§ Dataset extract
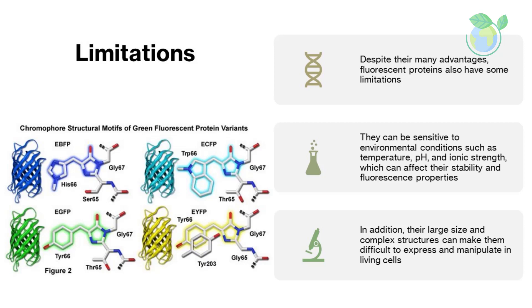Limitations. Despite their many advantages, fluorescent proteins also have some limitations. They can be sensitive to environmental conditions such as temperature, pH, and ionic strength, which can affect their stability and fluorescence properties. In addition, their large size and complex structures can make them difficult to express and manipulate in living cells.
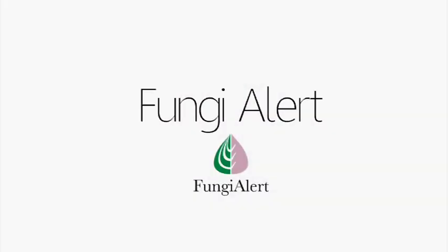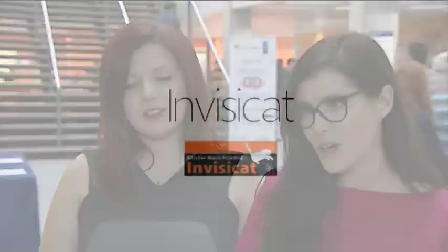We are team Fungi Alert and we have designed the first ever early detection device of plant pathogens in soil and water. Basically we detect the plant pathogen before it infects the plant, and this is going to save farmers lots of money.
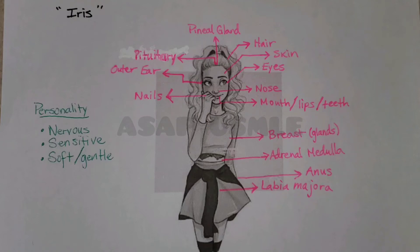Hi everyone and welcome back. Today we're going to be talking about the embryonal germ cell layers and their derivatives. We're going to begin with the ectoderm. The ectoderm has a lot to do with the surface or the nerves, including the CNS, the PNS, and also the neural crest cells.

§ Brief
Set down the data above word for word, leaving every picture out.

§ Answer area
Limitations. Despite their many advantages, fluorescent proteins also have some limitations. They can be sensitive to environmental conditions such as temperature, pH, and ionic strength, which can affect their stability and fluorescence properties. In addition, their large size and complex structures can make them difficult to express and manipulate in living cells.
We are team Fungi Alert and we have designed the first ever early detection device of plant pathogens in soil and water. Basically we detect the plant pathogen before it infects the plant, and this is going to save farmers lots of money.
Hi everyone and welcome back. Today we're going to be talking about the embryonal germ cell layers and their derivatives. We're going to begin with the ectoderm. The ectoderm has a lot to do with the surface or the nerves, including the CNS, the PNS, and also the neural crest cells.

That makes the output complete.